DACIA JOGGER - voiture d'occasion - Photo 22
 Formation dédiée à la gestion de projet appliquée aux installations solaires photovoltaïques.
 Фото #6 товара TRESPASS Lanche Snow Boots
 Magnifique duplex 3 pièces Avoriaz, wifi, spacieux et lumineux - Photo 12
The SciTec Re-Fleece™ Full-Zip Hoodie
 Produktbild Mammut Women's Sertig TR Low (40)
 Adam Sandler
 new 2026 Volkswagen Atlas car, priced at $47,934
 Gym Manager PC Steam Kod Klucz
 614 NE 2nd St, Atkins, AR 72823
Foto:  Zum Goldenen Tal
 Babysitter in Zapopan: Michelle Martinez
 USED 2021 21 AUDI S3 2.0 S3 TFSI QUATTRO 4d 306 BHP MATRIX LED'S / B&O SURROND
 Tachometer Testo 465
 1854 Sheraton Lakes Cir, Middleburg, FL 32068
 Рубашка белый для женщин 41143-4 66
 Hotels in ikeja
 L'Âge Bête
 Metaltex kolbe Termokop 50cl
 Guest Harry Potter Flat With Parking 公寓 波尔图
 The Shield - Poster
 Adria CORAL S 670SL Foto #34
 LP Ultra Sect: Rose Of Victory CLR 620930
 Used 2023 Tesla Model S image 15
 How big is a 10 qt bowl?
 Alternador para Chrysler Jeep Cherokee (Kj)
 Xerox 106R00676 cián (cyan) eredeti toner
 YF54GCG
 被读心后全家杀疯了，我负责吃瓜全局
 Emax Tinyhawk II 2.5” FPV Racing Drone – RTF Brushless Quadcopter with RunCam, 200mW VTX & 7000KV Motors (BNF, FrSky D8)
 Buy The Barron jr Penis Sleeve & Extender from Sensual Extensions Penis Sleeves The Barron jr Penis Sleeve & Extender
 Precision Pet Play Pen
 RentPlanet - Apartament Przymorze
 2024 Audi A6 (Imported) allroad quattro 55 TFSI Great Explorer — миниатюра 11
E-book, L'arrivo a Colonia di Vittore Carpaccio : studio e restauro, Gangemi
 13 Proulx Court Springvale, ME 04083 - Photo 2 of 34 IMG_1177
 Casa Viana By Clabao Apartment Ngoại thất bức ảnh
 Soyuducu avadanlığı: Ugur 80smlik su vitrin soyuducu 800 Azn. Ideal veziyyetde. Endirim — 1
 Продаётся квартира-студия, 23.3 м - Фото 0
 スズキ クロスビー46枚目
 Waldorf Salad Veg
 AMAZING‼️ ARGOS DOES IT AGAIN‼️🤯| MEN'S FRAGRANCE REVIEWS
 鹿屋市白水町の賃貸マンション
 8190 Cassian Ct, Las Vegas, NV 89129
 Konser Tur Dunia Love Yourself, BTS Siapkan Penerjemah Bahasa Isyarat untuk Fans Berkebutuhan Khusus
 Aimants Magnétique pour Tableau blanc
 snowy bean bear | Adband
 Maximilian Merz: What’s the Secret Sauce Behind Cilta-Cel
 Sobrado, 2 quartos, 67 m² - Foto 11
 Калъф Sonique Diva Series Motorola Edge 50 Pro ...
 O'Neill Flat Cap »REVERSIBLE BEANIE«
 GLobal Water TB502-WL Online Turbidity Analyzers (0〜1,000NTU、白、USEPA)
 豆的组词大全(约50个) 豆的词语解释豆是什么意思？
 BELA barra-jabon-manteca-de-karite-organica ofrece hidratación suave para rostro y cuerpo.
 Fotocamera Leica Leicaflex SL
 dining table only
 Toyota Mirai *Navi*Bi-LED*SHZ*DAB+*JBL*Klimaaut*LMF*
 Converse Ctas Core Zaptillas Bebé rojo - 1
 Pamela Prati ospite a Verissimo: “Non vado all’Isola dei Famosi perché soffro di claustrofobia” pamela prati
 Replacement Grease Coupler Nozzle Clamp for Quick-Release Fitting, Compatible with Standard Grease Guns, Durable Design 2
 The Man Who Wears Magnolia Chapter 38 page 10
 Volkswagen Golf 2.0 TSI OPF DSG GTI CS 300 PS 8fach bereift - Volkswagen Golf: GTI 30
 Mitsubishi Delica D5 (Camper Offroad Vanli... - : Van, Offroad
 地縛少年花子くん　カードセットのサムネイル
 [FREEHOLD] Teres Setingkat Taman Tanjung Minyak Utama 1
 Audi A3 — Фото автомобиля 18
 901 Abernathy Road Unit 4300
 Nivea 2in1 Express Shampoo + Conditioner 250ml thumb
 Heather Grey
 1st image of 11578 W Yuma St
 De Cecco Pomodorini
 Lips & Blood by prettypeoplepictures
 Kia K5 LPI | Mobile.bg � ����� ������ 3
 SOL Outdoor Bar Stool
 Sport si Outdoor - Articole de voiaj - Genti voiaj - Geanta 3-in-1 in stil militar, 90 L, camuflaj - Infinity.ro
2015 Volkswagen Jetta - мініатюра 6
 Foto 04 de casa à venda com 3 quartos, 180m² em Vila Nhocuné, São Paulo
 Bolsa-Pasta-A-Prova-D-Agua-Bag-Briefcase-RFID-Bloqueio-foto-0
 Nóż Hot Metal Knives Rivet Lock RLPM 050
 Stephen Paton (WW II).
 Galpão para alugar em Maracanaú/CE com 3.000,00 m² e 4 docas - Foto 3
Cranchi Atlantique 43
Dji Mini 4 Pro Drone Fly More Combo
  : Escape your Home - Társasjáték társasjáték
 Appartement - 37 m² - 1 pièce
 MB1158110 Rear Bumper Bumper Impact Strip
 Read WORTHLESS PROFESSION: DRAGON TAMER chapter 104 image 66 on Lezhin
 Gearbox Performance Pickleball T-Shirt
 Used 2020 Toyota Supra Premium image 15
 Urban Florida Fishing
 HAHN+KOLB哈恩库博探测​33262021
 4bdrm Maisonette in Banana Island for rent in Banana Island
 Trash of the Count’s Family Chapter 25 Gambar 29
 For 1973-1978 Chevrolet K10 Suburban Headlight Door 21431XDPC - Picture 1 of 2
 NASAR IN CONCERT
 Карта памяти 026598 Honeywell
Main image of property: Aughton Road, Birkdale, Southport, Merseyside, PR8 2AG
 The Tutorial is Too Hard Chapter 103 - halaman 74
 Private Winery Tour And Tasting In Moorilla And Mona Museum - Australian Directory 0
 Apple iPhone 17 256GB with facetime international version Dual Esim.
──────────────────────────────
REQUIRED ACTION: The lines above from the one containing "Dji Mini 4 Pro Drone Fly More Combo" through the one containing "Gearbox Performance Pickleball T-Shirt" are to be set down exactly, and no others.

ANSWER FOR THIS EXERCISE:
Dji Mini 4 Pro Drone Fly More Combo
  : Escape your Home - Társasjáték társasjáték
 Appartement - 37 m² - 1 pièce
 MB1158110 Rear Bumper Bumper Impact Strip
 Read WORTHLESS PROFESSION: DRAGON TAMER chapter 104 image 66 on Lezhin
 Gearbox Performance Pickleball T-Shirt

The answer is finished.